__Work order__.
An exact reprint of the listing is required, with no pictures included.

__Supplied information__.

▬▬▬▬▬▬

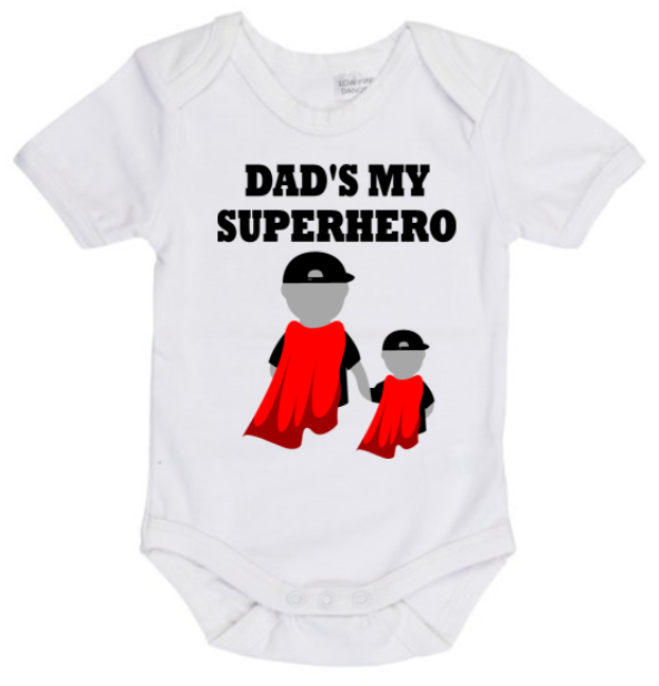 The Dad Squad - Dad’s My Superhero Baby Onesie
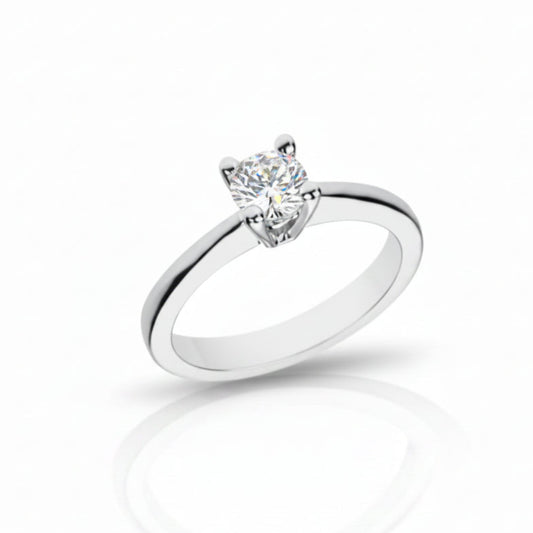 Anello Solitario con diamante ct 0,50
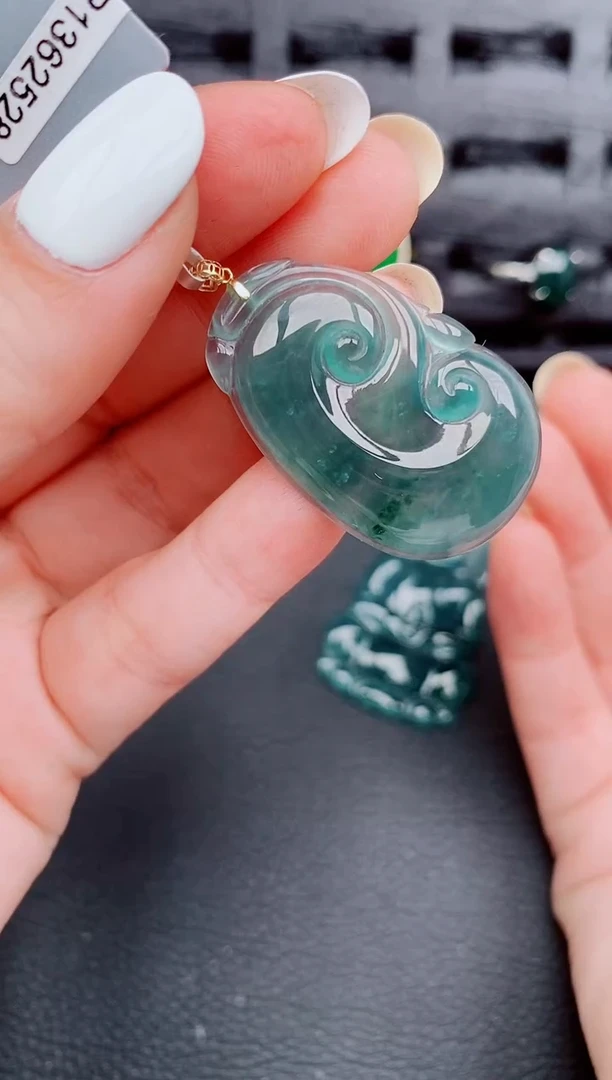 【闪购商品】翡翠颈饰18K金镶嵌天然a货翡翠801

▬▬▬▬▬▬

__Answer below__.
 The Dad Squad - Dad’s My Superhero Baby Onesie
 Anello Solitario con diamante ct 0,50
 【闪购商品】翡翠颈饰18K金镶嵌天然a货翡翠801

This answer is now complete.